Morris Adjmi Morris Adjmi Architects

MA Art Presents:

War & Peace: Gianlorenzo Gasperini, Fausto Rossi, & Vera Rossi

July 27 – September 16, 2017 

 

 

 

Morris Adjmi Architects is pleased to present the work of Gianlorenzo Gasperini, Fausto Rossi, and Vera Rossi. The theme War & Peace is directly dictated by their collective work and speaks to each of us in a unique way. We are delighted to bring together sculpture, photography, and painting to tell stories of love and war, battles and joy…as interpreted by three great Italian artists.

 

 

 

 

 

 

 

 

 

 

Gianlorenzo Gasperini

Excerpt from essay by Paola Servillo


 

Gianlorenzo Gasperini’s sculptures explore the relationship of the works themselves with space and time, identifying a formal level and an existential one, in a fine balance between past space-time and present space-time.

 

Beyond the abstract, monumental nature of classicism, the tragic fixedness of Gasperini’s sculpture is the split-second revelation of a state of mind condensed into matter, becoming a dynamic support for light. There is a solidity in these isolated sculptures that is evident in their immobile, earth-rooted stance; they are strong and massive, despite the passage of time and, in fact, the external disintegration is slow.
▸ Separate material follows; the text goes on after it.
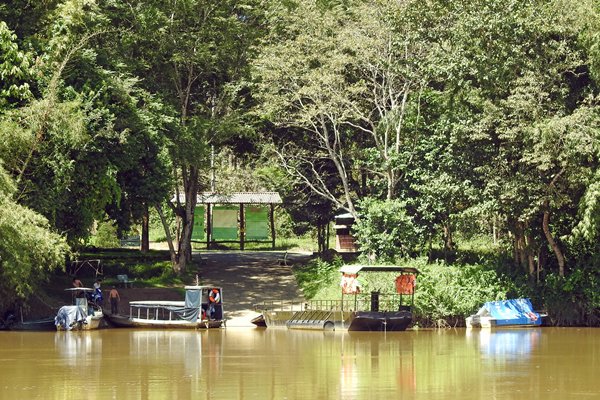 De toegang tot Cat Tien (Vietnam) aan de overkant van de rivier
A secure past (in memory) and a precarious present, in constant search of equilibrium.

 

The story of the past is told in the experimentation with matter and the disintegration technique. Precariousness, revealed in the constant signs of support and the effort to retain balance, tells of contemporary uneasiness. In the end, the objective is to create images that are at the same time strong in structure yet inconstant. Images of the world’s unfolding, in which the classical elements, whilst determining the sculpture and marking its time, are disintegrating and live – in other words – in a psychological space that vacillates between the ancient past and the present.

 

 

 

 

 

 

 

 

 

 

 

 

Fausto Rossi

Artist statement translated by Giulia Guadenzi


 

It’s always been difficult for me to rationalize the meaning of my work.  As a kid, I read “La famosa invasione degli orsi in Sicilia” written by Dino Buzzati.  The text was also illustrated by the author himself.  One of the drawings was representing little soldiers in their uniforms, with rifles and flags.  They were fighting against bears.  Struck by that image, I started to draw battles, and I have never stopped. I have been passionate about the American Civil War history since I was young.  Years ago I stumbled upon a book on this subject, written by Bruce Catton and published by Cepim in 1975.  The book contains not only beautiful full-page illustrations of war scenes but also diagrams of strategies used for the main battles.  All this was a source of inspiration for me. My drawings show troops deployed in parade and armies of enemies that engage in both organized and disorganized battles.  However, there is always an intrinsic discrepancy between the dramatic subject and the light and detached graphic language.  Soldiers fight, collide, kill one another, but the drama is always kept at a distance through a series of formal elements: the little figures move inside a flat imaginary space, wearing their antiquated uniforms and forming geometric modules, in a game that only belongs to the mind.  My works are a series of drawings with many variation that always refer to the need to both represent the conflict and assume a removed point of view.

 

 

 

 

 

 

 

 

 

 

 

 

 

 

 

 

 

 

 

Vera Rossi

Excerpt from essay by Angela Madesani


 

Vera Rossi’s images, the titles of which include Varco verde (Green Opening), Finestra (Window), A flower blossoms for its own joy, I fiori di Amira (The flowers of Amira) and Interior with blue vases, possess a common element: the presence of a window, those old iron windows, in which the glass is caged by squares.

 

We find ourselves on the threshold: we are always on the inside. Beyond are shapes that we are not always able to decipher. The panes are the panes that were in use a hundred years ago. Parts of them are dense and blurred, other parts are clearer. It is a game of grades of transparency, of real presences balanced by implied absences.

 

The images are Vera Rossi’s personal memories.  In Vera’s photos, like silent extras, objects appear as a  record of the passing of time.  For Vera Rossi, it is an exercise in the art of seeing, which induces us to imagine the beyond.  What fascinates her is the unknown. It is like a timeless rite in an atmosphere in which everything seems suspended.